Well, folks, I'm confused.
First, Eduwonk tells me
I'm reading the wrong polls (insinuating of course that people really do love NCLB).
Then, today, he links to an op-ed
by NYT columnist Samuel Freedman, who writes:
Polling last fall by the Joint Center for Political and Economic Studies, a Washington research group that focuses on African-American issues, found that 23 percent of blacks rated No Child Left Behind as good or excellent, while 67 percent called it fair or poor. (The corresponding figures for all respondents, regardless of race, were 32 and 56.)

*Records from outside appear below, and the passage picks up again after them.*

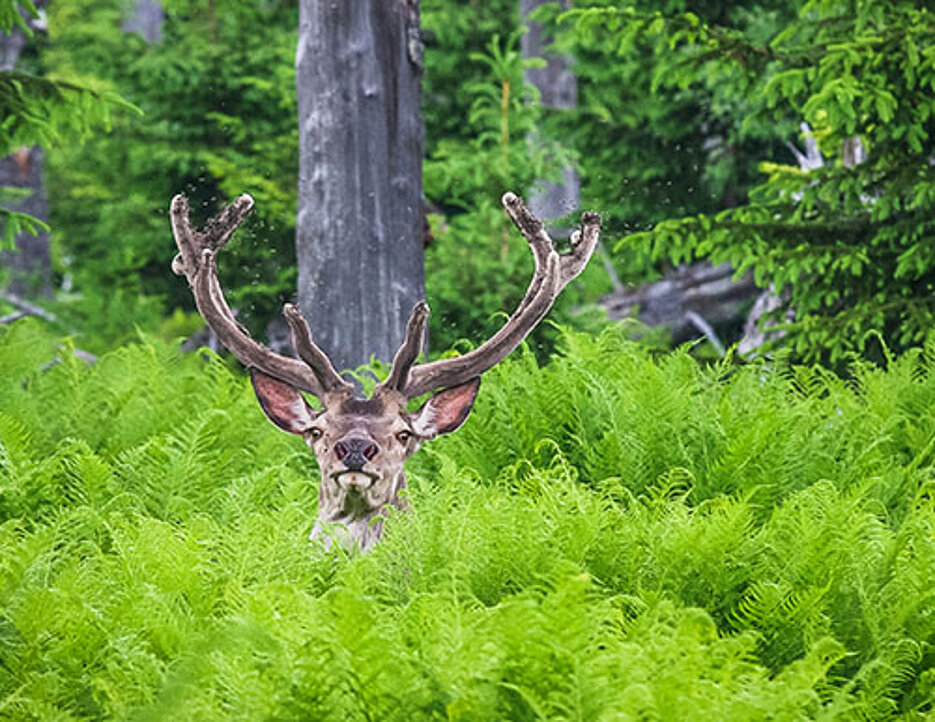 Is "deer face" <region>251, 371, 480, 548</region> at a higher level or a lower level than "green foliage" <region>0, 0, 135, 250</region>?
lower

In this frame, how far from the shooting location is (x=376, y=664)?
3.69 metres

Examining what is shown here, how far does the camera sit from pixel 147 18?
90.7ft

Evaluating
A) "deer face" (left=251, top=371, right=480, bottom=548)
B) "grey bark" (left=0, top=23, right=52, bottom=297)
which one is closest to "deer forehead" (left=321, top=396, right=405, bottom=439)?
"deer face" (left=251, top=371, right=480, bottom=548)

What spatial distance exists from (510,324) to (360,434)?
988 millimetres

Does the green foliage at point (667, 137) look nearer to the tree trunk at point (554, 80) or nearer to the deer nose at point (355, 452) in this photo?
the tree trunk at point (554, 80)

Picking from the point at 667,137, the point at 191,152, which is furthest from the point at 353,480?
the point at 191,152

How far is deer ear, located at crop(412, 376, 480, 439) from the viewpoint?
19.6ft

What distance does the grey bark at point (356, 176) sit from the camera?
9.26 meters

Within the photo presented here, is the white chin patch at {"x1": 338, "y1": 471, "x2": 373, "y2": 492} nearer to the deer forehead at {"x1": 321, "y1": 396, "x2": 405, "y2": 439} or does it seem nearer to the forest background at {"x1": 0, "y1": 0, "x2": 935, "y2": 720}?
the deer forehead at {"x1": 321, "y1": 396, "x2": 405, "y2": 439}

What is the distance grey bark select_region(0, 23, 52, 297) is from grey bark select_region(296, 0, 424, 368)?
1284cm

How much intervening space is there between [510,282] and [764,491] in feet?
19.5

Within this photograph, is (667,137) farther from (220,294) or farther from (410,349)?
(410,349)

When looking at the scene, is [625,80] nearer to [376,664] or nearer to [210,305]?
[210,305]

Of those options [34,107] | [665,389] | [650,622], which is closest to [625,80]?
[34,107] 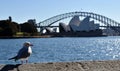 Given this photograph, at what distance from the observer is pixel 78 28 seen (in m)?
186

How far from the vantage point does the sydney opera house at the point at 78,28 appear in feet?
591

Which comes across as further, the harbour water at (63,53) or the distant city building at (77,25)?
the distant city building at (77,25)

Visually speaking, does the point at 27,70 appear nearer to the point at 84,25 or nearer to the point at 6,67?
the point at 6,67

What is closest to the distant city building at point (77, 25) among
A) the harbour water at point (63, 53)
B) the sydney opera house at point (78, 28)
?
the sydney opera house at point (78, 28)

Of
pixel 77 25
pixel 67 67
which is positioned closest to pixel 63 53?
pixel 67 67

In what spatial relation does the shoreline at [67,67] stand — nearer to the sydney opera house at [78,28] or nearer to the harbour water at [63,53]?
the harbour water at [63,53]

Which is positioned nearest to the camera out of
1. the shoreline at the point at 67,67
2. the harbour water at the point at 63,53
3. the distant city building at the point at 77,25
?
the shoreline at the point at 67,67

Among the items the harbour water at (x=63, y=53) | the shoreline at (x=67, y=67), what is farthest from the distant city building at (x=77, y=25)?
the shoreline at (x=67, y=67)

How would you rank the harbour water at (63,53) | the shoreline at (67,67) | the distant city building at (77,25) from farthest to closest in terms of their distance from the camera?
1. the distant city building at (77,25)
2. the harbour water at (63,53)
3. the shoreline at (67,67)

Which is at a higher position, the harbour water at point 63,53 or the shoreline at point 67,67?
the shoreline at point 67,67

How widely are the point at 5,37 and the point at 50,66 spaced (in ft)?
454

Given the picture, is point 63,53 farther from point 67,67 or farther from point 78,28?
point 78,28

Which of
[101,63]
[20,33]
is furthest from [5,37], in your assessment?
[101,63]

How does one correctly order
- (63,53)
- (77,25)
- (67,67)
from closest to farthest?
(67,67), (63,53), (77,25) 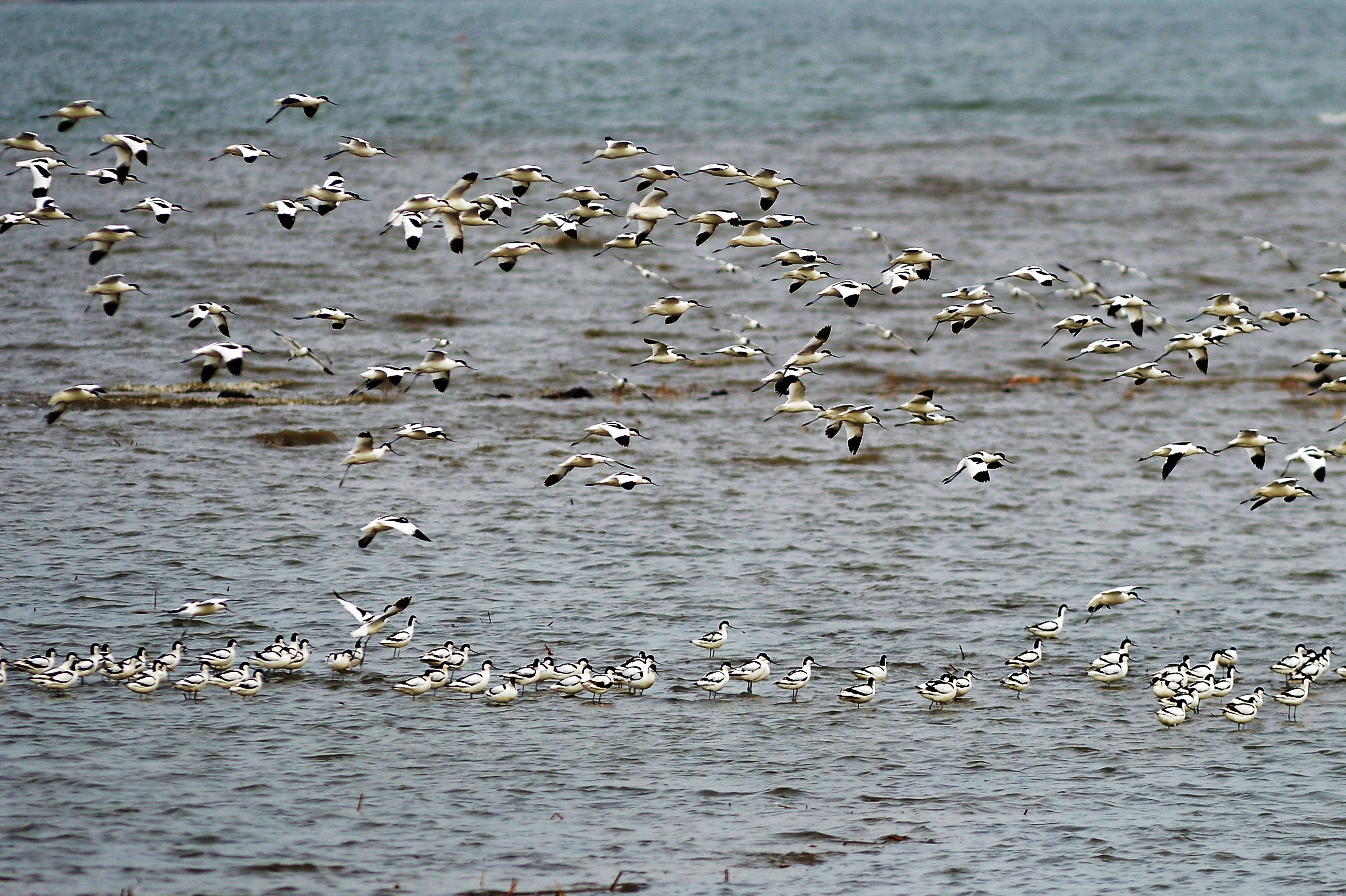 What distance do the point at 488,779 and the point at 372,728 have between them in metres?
1.63

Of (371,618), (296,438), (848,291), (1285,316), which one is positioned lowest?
(296,438)

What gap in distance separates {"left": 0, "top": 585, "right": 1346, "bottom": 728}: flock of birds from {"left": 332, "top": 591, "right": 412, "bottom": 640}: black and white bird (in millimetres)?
21

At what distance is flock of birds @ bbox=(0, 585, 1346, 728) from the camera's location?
16781 millimetres

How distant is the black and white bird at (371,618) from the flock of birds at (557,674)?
21mm

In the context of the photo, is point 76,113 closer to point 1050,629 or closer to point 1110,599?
point 1050,629

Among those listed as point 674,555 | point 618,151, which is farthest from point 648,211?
point 674,555

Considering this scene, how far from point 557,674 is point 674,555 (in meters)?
5.03

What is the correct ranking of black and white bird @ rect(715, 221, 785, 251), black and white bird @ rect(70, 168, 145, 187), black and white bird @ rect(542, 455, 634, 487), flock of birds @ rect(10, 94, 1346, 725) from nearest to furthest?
flock of birds @ rect(10, 94, 1346, 725), black and white bird @ rect(542, 455, 634, 487), black and white bird @ rect(70, 168, 145, 187), black and white bird @ rect(715, 221, 785, 251)

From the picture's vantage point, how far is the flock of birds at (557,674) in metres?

So I suppose that poll -- like the PDK/Gallup one I cited
-- was a push poll, too? Please.
The point is simple. In every poll I've seen -- by conservative, liberal, or centrist organizations -- the majority of respondents don't know much about NCLB. I'm convinced that when they do -- because a neighborhood school is closed or their child is held back because of failure on one test -- they won't like it. (As evidenced by the two polls cited above, those who do know about it, beyond its name, already don't like it.) Apparently the Department of Education agrees with me or they wouldn't spend $700,000 making "public service announcements" to convince us.
Eduwonk tells me that I can't deal with the fact that so many on the left support NCLB. First of all, I doubt the claim. Secondly, so what? I seem to recall dozens of liberals that supported the War in Iraq. How's that been going lately?
And finally, thanks Eduwonk, for introducing me to my new favorite word: snarky
. It's how I feel when I think about No Child Left Behind.